§ **PROBLEM DETAILS**
Go through the data and tally the lines that include "Black". The reply is that number alone.

***** PROVIDED DATA

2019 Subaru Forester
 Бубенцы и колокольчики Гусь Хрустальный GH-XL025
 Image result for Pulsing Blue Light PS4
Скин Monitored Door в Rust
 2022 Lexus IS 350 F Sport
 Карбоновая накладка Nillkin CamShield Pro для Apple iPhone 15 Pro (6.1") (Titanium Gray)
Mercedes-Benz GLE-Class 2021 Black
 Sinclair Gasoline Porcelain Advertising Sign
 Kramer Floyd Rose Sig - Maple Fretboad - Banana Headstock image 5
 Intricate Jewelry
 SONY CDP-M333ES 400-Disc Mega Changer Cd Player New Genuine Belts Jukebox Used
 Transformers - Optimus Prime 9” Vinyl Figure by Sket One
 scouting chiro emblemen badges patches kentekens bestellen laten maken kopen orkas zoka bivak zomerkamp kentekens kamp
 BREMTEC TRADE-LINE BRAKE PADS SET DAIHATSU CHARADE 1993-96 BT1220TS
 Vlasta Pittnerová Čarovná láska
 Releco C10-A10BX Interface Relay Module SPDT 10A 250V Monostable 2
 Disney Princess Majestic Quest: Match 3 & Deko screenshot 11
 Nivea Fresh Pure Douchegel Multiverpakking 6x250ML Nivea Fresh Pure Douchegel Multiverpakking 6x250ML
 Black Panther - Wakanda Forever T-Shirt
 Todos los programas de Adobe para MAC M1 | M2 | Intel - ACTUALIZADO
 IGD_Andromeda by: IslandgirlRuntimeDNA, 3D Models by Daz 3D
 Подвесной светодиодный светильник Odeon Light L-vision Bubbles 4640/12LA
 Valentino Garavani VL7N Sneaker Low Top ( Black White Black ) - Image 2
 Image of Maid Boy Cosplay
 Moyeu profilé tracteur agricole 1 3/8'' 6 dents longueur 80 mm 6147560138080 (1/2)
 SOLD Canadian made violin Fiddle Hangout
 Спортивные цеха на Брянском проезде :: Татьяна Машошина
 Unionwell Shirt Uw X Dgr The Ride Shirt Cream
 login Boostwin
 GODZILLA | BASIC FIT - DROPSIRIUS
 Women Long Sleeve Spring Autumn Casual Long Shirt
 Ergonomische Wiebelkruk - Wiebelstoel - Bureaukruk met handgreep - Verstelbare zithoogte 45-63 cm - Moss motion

**********

§ **RESULT FOR THIS EXERCISE**
3